**What you have to do**:
Wherever pictures appear in the listing below, leave them out, and copy exactly, and only, everything from the line with "QR Code for" down to the line with "Living - 16".

**Records for this task**:
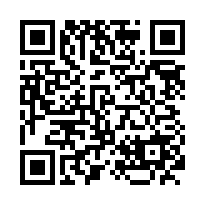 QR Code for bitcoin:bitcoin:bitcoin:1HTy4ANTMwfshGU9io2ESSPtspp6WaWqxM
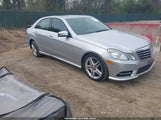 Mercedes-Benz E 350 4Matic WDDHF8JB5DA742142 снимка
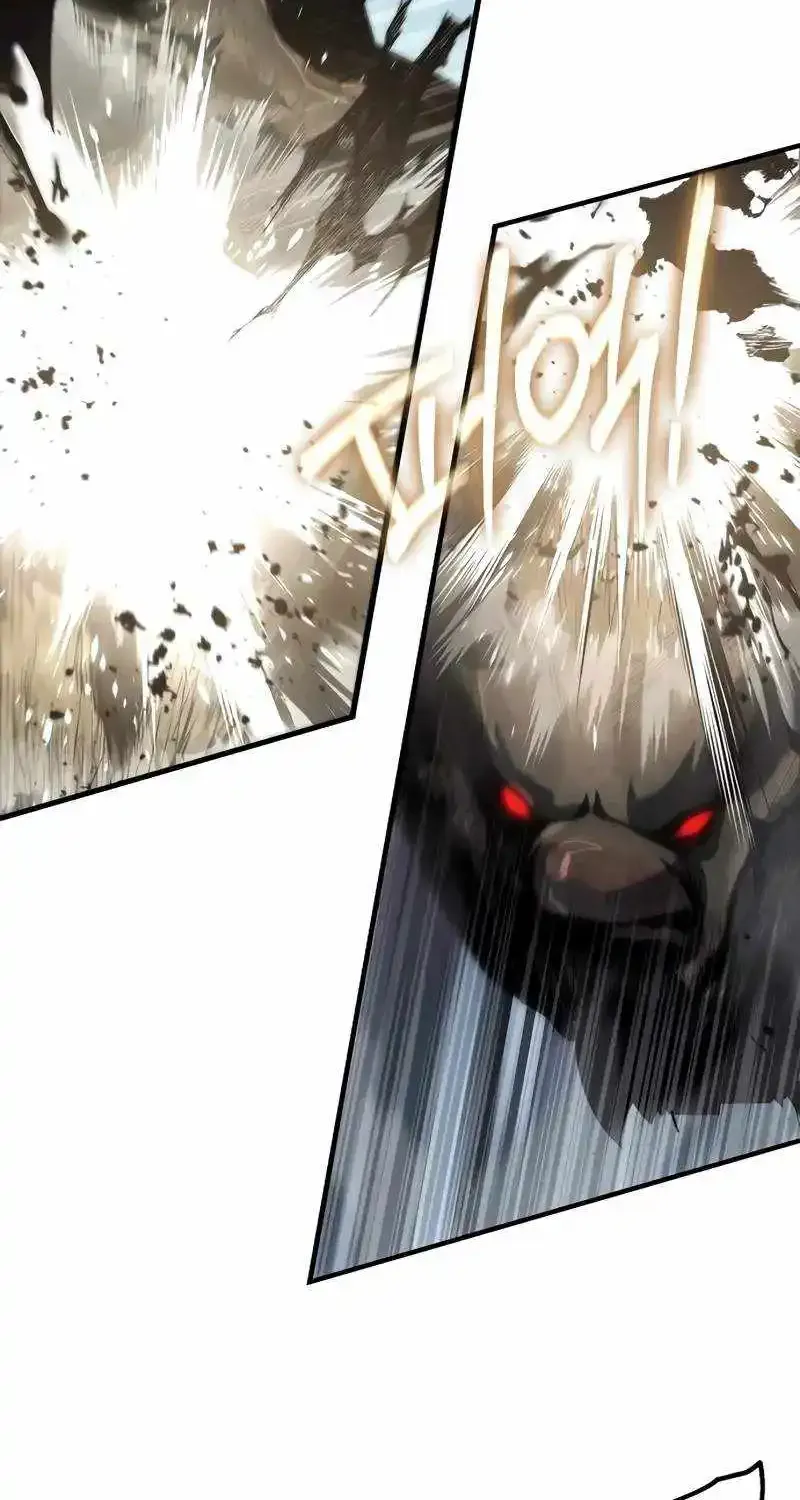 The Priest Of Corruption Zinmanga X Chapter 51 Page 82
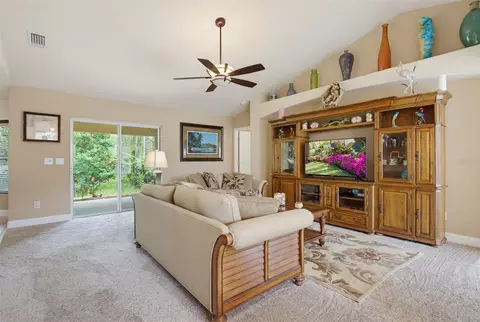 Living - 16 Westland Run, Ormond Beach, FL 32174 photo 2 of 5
* * *
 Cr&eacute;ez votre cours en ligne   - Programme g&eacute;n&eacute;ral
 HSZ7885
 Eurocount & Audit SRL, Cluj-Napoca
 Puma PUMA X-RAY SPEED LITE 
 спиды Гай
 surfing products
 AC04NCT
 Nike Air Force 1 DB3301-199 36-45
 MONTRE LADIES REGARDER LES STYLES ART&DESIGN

**Written answer**:
 QR Code for bitcoin:bitcoin:bitcoin:1HTy4ANTMwfshGU9io2ESSPtspp6WaWqxM
 Mercedes-Benz E 350 4Matic WDDHF8JB5DA742142 снимка
 The Priest Of Corruption Zinmanga X Chapter 51 Page 82
 Living - 16 Westland Run, Ormond Beach, FL 32174 photo 2 of 5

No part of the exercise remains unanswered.